**Required work**
Below are the records; repeat exactly their lines between the line holding "сдается уютная двухкомнатная квартира Донецк" and the line holding "Hyundai 36541-1XAA0", inclusive, skipping the pictures.

**Record extracts**
....

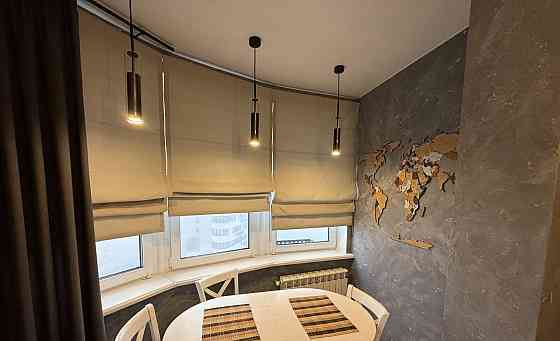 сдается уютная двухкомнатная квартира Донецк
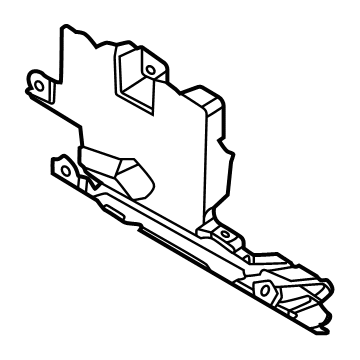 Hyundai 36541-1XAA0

....

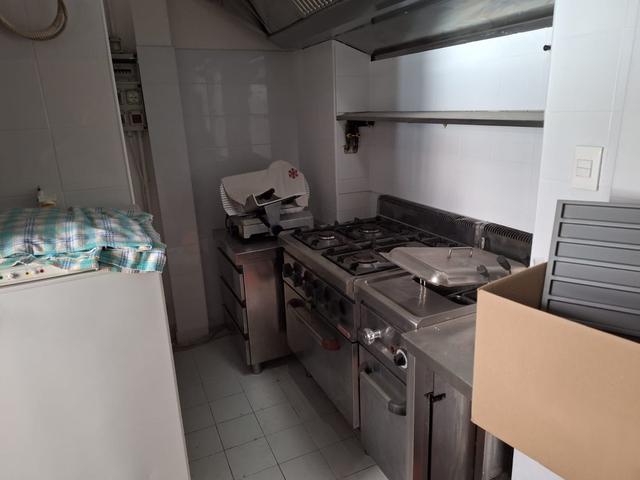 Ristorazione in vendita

....

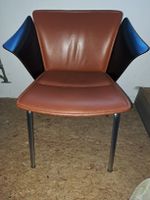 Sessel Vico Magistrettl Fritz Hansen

....

**Result of the task**
 сдается уютная двухкомнатная квартира Донецк
 Hyundai 36541-1XAA0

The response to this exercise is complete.